Em meu livro Guerra en los Andes (Ed. Abya-Yala, Quito, 2008) resumi o começo desse trágico período. Ao longo de seus primeiros vinte anos de existência as Farc tiveram um reduzido crescimento e pouca relevância no panorama político colombiano, mas a situação mudou a partir do começo da década dos anos 80, quando o boom do negócio paralelo do narcotráfico fez aparecer uma forte fonte de financiamento que se somou aos ganhos tradicionais por taxas de proteção e sequestros. A história das Farc, de fato, iniciou em maio de 1964 com a Operação de Segurança Latino-Americana (Latin America Security Operation) que era apoiada pelos EUA com sede ao sul de Neiva, capital do estado de Huila. A presença de tropas de armamento pesado, helicópteros e aviões de reconhecimento tinha como objetivo atacar Marquetalia, uma comunidade independente com aproximadamente 5 mil habitantes, a maioria formada por camponeses oriundos das guerrilhas liberais dos tempos da Violência, e que era comandada por Miguel Marulanda Vélez, el Tirofijo (o Tiro certeiro). Obrigados a fugir para a selva e para as montanhas, cinco pequenos grupos decidiram criar o Bloco Sul que em abril de 1966 se transformou nas Farc.

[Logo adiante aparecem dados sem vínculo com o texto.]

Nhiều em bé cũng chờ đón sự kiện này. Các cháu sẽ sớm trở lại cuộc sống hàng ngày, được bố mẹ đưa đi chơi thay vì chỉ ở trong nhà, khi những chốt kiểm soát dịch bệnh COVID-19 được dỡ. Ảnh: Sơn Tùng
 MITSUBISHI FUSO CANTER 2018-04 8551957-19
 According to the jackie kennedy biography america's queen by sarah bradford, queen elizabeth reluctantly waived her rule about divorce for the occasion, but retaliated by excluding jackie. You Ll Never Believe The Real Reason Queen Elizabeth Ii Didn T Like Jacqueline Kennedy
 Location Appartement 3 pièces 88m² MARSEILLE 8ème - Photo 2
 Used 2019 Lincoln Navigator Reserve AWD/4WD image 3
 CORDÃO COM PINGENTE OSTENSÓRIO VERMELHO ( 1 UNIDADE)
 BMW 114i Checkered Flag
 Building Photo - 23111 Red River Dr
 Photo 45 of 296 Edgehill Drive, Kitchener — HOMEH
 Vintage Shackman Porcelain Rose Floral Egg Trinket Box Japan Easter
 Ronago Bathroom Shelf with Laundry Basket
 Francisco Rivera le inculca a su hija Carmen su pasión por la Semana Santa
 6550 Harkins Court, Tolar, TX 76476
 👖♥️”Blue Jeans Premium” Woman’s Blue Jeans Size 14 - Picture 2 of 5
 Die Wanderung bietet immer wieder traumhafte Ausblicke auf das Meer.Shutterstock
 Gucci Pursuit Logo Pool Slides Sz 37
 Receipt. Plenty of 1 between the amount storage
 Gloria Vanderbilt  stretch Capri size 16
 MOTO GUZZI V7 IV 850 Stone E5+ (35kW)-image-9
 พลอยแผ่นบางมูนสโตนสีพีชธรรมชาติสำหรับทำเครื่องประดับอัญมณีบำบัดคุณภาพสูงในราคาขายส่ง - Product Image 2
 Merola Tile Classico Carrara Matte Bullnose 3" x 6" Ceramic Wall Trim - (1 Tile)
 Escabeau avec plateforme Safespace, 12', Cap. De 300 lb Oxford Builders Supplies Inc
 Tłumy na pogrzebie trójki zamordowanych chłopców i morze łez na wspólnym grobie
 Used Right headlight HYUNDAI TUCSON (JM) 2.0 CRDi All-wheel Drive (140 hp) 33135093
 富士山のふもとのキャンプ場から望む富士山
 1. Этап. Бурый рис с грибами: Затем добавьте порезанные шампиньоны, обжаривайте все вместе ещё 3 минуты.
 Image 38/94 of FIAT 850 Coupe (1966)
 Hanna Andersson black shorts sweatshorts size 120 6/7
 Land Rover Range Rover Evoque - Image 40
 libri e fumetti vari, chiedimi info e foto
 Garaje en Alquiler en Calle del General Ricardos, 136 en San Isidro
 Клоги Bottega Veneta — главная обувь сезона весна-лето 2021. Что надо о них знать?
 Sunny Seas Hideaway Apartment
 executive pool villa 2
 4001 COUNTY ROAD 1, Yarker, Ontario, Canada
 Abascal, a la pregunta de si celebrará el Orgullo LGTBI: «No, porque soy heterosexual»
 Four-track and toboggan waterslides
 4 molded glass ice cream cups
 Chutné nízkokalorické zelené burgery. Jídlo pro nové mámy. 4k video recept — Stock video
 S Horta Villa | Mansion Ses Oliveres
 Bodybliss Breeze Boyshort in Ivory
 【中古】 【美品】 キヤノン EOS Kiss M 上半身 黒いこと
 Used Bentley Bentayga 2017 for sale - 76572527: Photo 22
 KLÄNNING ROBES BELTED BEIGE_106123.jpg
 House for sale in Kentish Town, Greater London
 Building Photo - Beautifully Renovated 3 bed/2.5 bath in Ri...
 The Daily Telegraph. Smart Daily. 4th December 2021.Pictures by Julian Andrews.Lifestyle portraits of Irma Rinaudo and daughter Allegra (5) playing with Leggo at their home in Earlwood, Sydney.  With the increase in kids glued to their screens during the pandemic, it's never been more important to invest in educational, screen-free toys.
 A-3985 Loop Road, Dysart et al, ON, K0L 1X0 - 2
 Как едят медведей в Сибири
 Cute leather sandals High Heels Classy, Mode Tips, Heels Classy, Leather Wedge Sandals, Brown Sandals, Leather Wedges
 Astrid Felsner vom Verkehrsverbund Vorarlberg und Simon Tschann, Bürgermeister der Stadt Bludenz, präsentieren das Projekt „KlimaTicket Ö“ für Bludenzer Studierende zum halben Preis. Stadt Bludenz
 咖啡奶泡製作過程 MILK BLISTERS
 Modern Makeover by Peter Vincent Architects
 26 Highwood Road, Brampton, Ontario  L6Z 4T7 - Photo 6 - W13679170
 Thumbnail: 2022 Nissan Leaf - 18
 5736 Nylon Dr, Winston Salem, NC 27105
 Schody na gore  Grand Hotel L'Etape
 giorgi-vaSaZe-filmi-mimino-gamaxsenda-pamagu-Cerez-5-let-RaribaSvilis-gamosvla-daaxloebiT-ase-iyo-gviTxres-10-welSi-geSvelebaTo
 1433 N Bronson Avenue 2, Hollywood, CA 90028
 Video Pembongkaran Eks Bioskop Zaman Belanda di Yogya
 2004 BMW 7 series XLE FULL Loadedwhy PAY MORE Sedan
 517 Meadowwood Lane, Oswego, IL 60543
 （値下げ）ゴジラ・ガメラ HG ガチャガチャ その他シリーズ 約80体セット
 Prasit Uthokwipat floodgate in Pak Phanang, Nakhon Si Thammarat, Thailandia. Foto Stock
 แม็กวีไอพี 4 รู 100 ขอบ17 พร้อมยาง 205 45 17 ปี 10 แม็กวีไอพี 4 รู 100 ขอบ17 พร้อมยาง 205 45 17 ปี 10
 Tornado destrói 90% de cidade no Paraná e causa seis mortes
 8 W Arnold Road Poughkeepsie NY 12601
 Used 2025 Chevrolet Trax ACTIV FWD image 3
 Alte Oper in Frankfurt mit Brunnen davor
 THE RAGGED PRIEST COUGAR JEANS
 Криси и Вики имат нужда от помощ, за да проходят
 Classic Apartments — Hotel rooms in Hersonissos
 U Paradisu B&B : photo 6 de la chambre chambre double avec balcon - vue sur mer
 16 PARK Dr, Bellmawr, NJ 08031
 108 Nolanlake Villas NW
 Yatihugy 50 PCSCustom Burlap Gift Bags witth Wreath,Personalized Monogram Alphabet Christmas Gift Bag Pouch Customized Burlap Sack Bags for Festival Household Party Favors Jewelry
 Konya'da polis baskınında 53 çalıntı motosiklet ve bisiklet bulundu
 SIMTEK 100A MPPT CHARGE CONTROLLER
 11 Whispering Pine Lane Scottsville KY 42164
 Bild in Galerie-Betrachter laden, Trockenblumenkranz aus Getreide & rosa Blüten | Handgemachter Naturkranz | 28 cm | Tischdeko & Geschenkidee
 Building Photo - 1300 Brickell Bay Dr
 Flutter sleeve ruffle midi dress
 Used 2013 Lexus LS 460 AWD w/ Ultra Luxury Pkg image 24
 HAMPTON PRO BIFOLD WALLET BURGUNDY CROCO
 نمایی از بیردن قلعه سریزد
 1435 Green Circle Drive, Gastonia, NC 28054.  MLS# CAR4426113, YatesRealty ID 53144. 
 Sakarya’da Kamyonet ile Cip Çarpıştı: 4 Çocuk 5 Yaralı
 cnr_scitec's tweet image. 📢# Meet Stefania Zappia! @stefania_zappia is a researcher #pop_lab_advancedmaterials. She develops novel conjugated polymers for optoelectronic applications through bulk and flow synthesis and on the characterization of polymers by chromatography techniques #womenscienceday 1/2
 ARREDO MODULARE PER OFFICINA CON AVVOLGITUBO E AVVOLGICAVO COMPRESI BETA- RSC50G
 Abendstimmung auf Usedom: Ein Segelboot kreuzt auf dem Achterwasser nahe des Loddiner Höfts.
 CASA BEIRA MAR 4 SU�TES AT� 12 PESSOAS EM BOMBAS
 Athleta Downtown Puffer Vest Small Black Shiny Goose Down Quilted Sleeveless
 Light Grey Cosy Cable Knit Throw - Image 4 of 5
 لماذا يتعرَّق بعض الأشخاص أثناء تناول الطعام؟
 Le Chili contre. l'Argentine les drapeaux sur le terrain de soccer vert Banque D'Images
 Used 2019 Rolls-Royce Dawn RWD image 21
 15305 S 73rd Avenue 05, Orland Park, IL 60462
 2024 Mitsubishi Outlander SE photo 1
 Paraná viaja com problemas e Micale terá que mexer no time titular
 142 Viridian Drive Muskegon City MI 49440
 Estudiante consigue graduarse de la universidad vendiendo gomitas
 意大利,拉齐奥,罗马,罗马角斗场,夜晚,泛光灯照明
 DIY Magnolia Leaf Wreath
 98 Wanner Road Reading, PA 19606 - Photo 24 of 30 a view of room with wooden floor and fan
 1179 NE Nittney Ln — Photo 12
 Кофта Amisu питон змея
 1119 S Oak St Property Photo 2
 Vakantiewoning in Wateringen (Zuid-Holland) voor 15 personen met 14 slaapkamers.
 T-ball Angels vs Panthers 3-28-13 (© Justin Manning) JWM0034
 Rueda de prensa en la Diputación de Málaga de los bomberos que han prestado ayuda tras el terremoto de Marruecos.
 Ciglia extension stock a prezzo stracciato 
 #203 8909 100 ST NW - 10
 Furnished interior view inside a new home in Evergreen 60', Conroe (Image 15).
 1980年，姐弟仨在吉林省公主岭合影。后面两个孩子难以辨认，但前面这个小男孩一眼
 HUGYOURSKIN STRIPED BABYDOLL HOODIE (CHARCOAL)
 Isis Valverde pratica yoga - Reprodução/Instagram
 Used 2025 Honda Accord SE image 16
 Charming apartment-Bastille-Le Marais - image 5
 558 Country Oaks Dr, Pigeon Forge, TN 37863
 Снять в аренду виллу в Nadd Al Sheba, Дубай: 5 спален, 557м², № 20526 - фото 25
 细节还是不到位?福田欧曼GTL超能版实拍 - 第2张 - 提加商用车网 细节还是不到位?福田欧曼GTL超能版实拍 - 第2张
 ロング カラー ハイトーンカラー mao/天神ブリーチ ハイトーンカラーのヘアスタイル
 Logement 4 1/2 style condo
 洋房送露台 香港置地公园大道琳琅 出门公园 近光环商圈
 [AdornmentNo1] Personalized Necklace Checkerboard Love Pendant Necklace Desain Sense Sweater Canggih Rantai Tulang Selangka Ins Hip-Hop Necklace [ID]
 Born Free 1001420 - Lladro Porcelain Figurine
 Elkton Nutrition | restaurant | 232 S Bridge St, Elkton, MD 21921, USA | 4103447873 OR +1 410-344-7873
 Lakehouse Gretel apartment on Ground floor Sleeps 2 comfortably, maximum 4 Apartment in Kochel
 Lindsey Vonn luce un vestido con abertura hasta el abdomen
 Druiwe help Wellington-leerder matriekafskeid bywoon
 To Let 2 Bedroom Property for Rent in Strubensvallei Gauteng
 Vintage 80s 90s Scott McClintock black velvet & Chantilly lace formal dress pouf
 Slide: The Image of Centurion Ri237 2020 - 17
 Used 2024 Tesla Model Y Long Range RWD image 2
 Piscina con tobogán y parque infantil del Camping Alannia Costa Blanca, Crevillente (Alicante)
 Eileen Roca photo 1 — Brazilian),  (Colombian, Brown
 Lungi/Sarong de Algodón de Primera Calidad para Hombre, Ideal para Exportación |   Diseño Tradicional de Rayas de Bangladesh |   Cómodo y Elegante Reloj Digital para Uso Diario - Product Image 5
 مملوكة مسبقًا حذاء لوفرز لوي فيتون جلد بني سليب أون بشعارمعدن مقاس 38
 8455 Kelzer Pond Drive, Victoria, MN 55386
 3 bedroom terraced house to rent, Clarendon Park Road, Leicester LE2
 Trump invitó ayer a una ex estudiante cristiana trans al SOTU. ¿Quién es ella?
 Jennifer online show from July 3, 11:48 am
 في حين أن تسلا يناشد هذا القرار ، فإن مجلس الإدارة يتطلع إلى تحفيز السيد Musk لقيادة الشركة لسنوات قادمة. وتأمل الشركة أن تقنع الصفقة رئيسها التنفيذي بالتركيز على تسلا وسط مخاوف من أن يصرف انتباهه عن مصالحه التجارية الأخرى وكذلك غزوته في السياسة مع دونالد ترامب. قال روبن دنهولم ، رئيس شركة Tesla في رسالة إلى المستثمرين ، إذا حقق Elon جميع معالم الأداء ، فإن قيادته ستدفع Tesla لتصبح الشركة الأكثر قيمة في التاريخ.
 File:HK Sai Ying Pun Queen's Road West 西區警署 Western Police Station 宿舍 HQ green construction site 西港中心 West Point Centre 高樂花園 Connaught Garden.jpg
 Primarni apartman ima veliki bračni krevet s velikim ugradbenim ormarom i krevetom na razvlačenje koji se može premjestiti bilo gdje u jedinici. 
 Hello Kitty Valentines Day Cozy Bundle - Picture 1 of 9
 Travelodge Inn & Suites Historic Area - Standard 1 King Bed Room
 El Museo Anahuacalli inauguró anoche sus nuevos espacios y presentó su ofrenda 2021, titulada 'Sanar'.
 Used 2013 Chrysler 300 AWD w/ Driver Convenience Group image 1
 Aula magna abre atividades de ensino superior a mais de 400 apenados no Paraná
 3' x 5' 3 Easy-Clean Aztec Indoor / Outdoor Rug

As negociações atuais, às vésperas de completarem quatro anos, resultaram em acordos relativos a três grandes áreas: Agrária com a instituição de um Fundo de Terras e de linhas de crédito específicas; de Drogas para permitir a substituição dos cultivos de coca, sob o reconhecimento condicionado das Farc de que não mais terão vínculos com o narcotráfico; de Vítimas com base na busca da verdade, da justiça e de reparações, incluindo o compromisso de que os guerrilheiros não serão extraditados, pagarão penas em condições especiais e poderão participar na política regular.

O que se assina hoje é um cessar-fogo bilateral e definitivo junto ao fim das hostilidades e ao abandono das armas. Seguindo-se ao silêncio dos fuzis as Farc se transformarão em uma organização de caráter político, como os partidos e tantas outras existentes no país. Para que principalmente o povo se convença de que é para valer, ainda restam definições concretas como as datas e locais para a entrega dos armamentos, a realização do plebiscito e a nomeação dos componentes do Tribunal Especial de Paz que deve ser composto por magistrados da ONU, do Vaticano e da Corte Suprema de Justiça colombiana, Juan Manuel Santos diz que o Acordo Final poderá ser firmado dia 20 de julho, mesmo que restem detalhes (na realidade os Acordos têm muito palavrório desnecessário e uma profusão de subentendidos e serem explicados ou regulamentados).

Comandados pelo ex-presidente de direita Álvaro Uribe, os que se opõem ao processo de paz prometem fazer de tudo para anulá-lo, mas entre os que estão fartos da guerra somam-se até mesmo os próprios guerrilheiros, embora os que de fato não sabem fazer mais nada a não ser lutar ainda possam optar em aderir às gangues do submundo ou ao Exército de Liberação Nacional, ELN, que permanece formalmente excluído das conversações.